Source data START

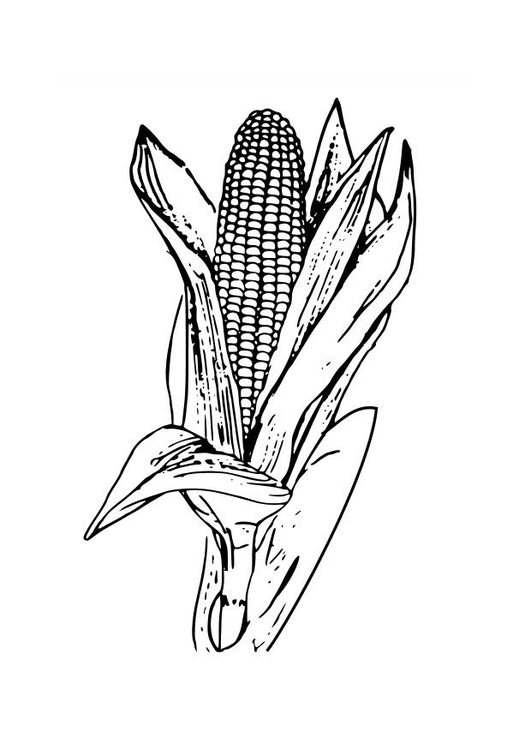 Página para colorir milho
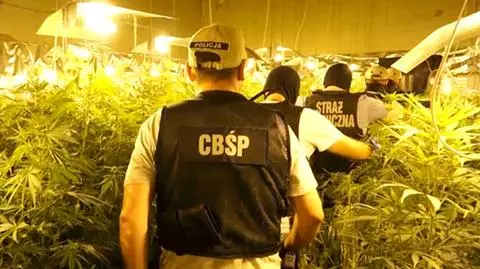 Budynek zmieniony w plantację marihuany Akcja Straży Granicznej i CBŚP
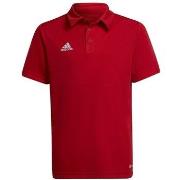 Lyhythihainen poolopaita adidas  Entrada 22  EU S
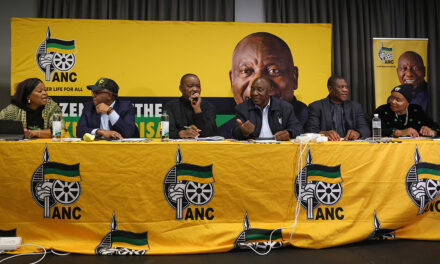 Fixing local politics starts inside South Africa’s political parties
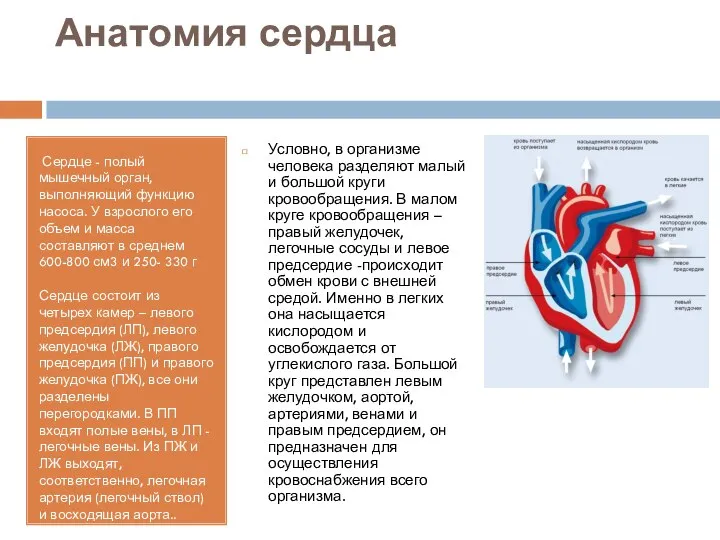 Анатомия сердца Сердце - полый мышечный орган, выполняющий функцию насоса. У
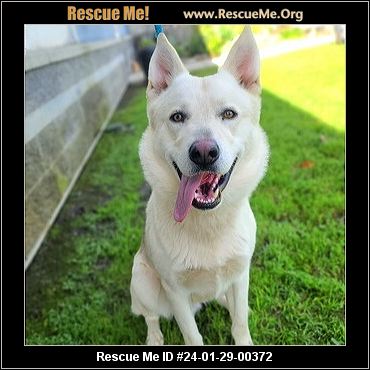 - California Siberian Husky Rescue - ADOPTIONS - Rescue Me!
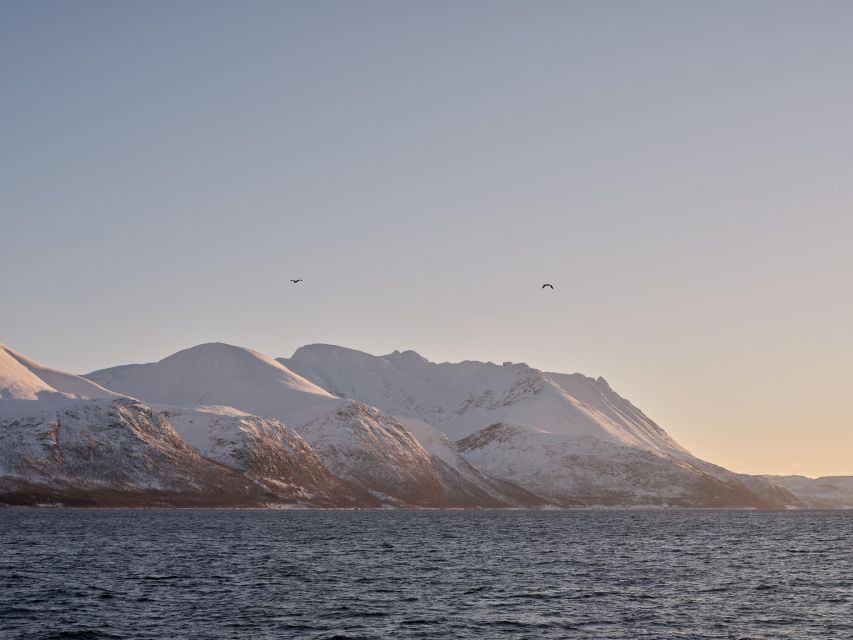 Tromsø: Arctic Fjord Cruise in Polar Landscapes - Warm cabins, cold decks, and the best place to sit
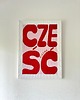 obrazy Obraz plakat akrylowy na płótnie - 'cześć piękna' 30x40cm 2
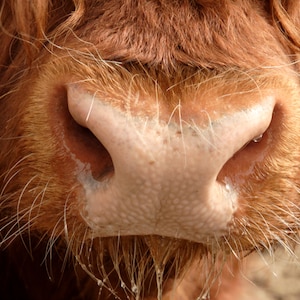 grappige landbouwbedrijfbeeld van een natte koeienneus, wenskaart.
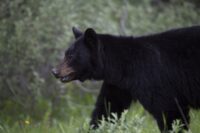 Black bear walking near a residential area in Mission, British Columbia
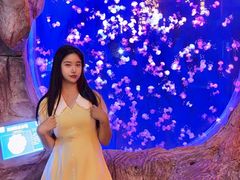 -威海华夏城景区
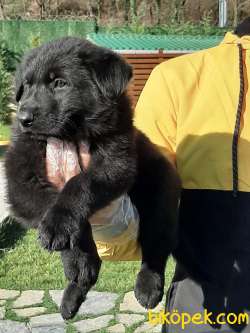 SOLİD BLACK ALMAN COBAN YAVRULARI 4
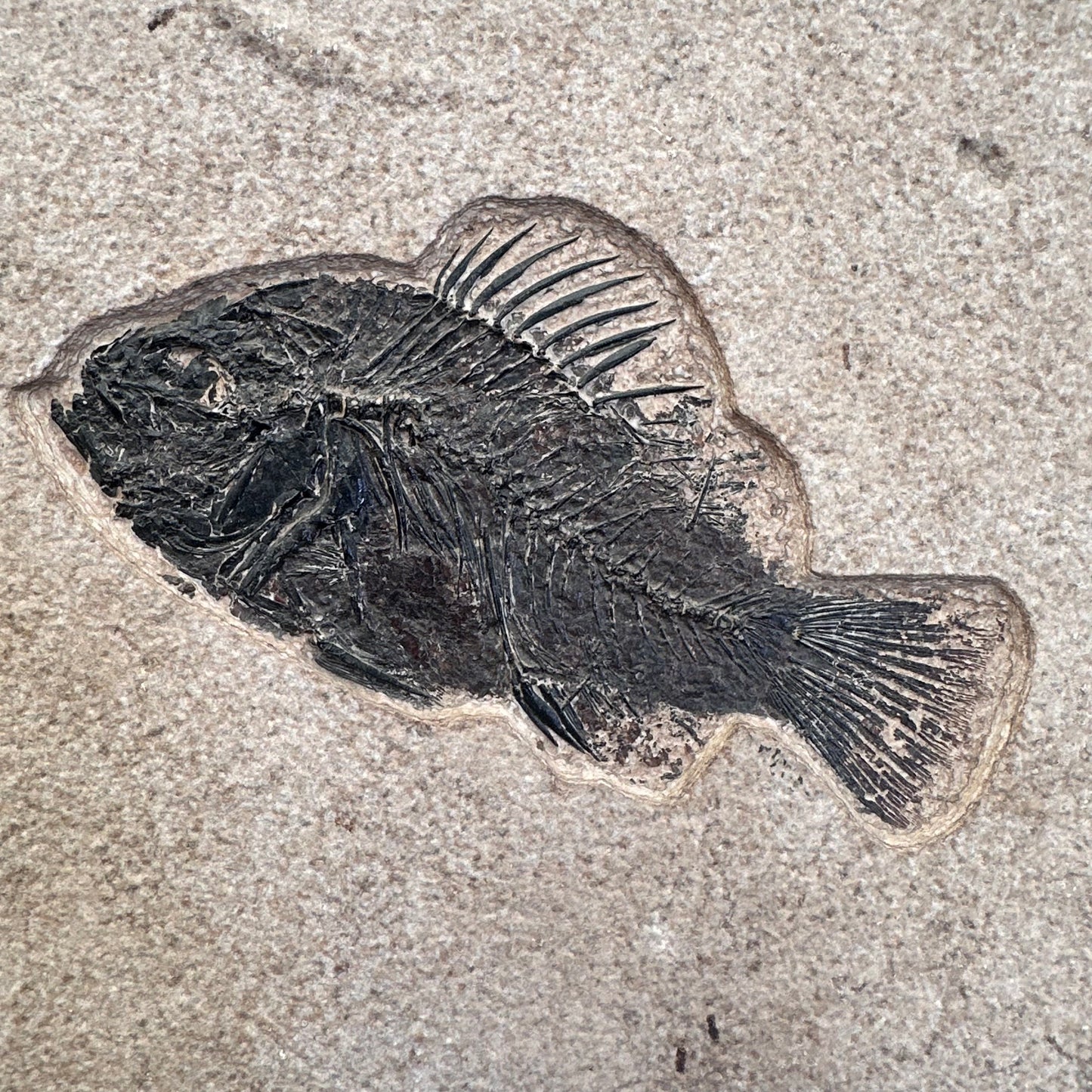 FISH FOSSIL COCKERELLITES LIOPS, Eocene, USA CWG013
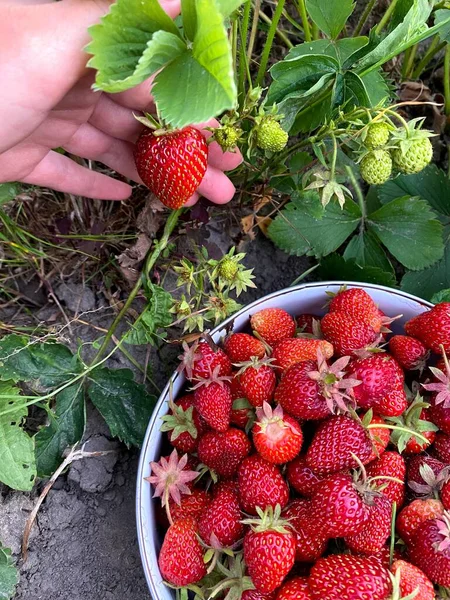 Handplockade Jordgubbar Trädgården Foto Taget Iphone — Stockfoto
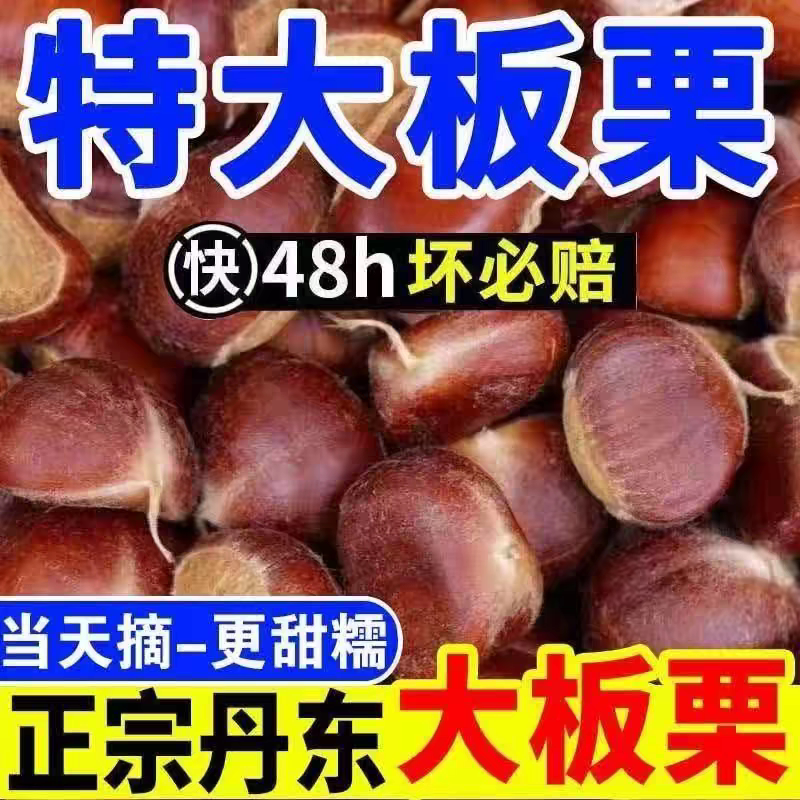 2026年新鲜丹东生板栗5斤板栗即食当季大板栗生栗锥栗大果毛栗子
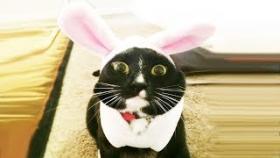 СМЕШНЫЕ КОТЫ И КОШКИ 2017 Подборка Животные Funny Animals Cute Pets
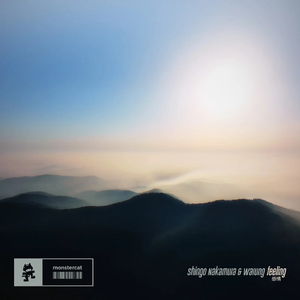 Feeling (Extended Mix)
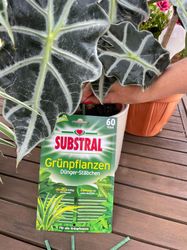 4015000017305-3.jpg 4015000017305-3.jpg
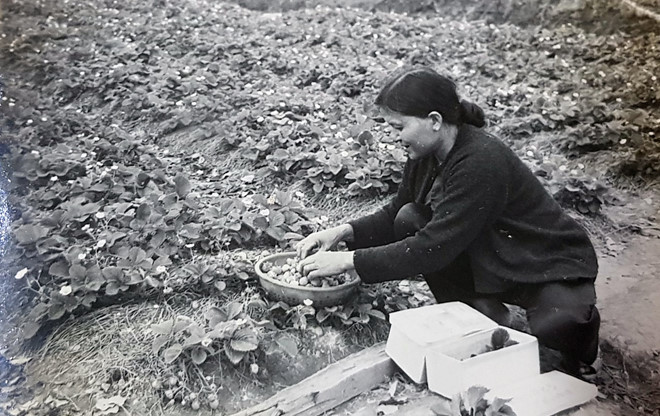 Người dân ấp Hà Đông thu hoạch dâu tây Người dân ấp Hà Đông thu hoạch dâu tây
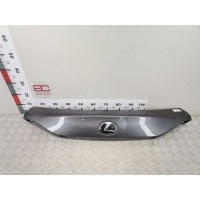 Накладка декоративная (бленда) Lexus CT (2010-2023) 2013 7680176010,7680176010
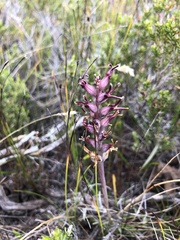 Lachenalia sessiliflora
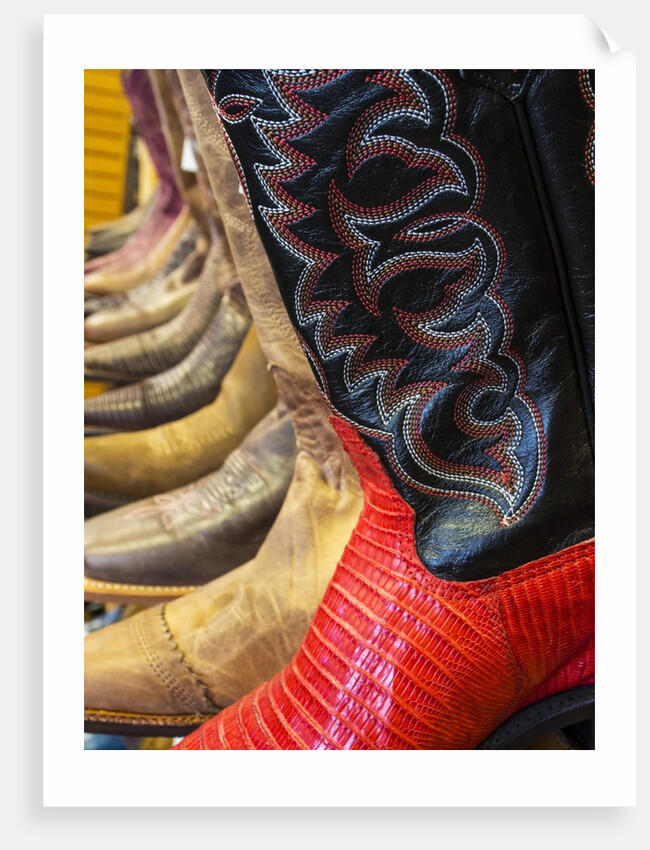 Line up of new cowboy boots in Old Scottsdale by Anonymous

Source data END

# [What the task asks]
Would you return all the data exactly as given, minus the pictures?

# [Answer]
 Página para colorir milho
 Budynek zmieniony w plantację marihuany Akcja Straży Granicznej i CBŚP
 Lyhythihainen poolopaita adidas  Entrada 22  EU S
 Fixing local politics starts inside South Africa’s political parties
 Анатомия сердца Сердце - полый мышечный орган, выполняющий функцию насоса. У
 - California Siberian Husky Rescue - ADOPTIONS - Rescue Me!
 Tromsø: Arctic Fjord Cruise in Polar Landscapes - Warm cabins, cold decks, and the best place to sit
 obrazy Obraz plakat akrylowy na płótnie - 'cześć piękna' 30x40cm 2
 grappige landbouwbedrijfbeeld van een natte koeienneus, wenskaart.
 Black bear walking near a residential area in Mission, British Columbia
 -威海华夏城景区
 SOLİD BLACK ALMAN COBAN YAVRULARI 4
 FISH FOSSIL COCKERELLITES LIOPS, Eocene, USA CWG013
 Handplockade Jordgubbar Trädgården Foto Taget Iphone — Stockfoto
 2026年新鲜丹东生板栗5斤板栗即食当季大板栗生栗锥栗大果毛栗子
 СМЕШНЫЕ КОТЫ И КОШКИ 2017 Подборка Животные Funny Animals Cute Pets
 Feeling (Extended Mix)
 4015000017305-3.jpg 4015000017305-3.jpg
 Người dân ấp Hà Đông thu hoạch dâu tây Người dân ấp Hà Đông thu hoạch dâu tây
 Накладка декоративная (бленда) Lexus CT (2010-2023) 2013 7680176010,7680176010
 Lachenalia sessiliflora
 Line up of new cowboy boots in Old Scottsdale by Anonymous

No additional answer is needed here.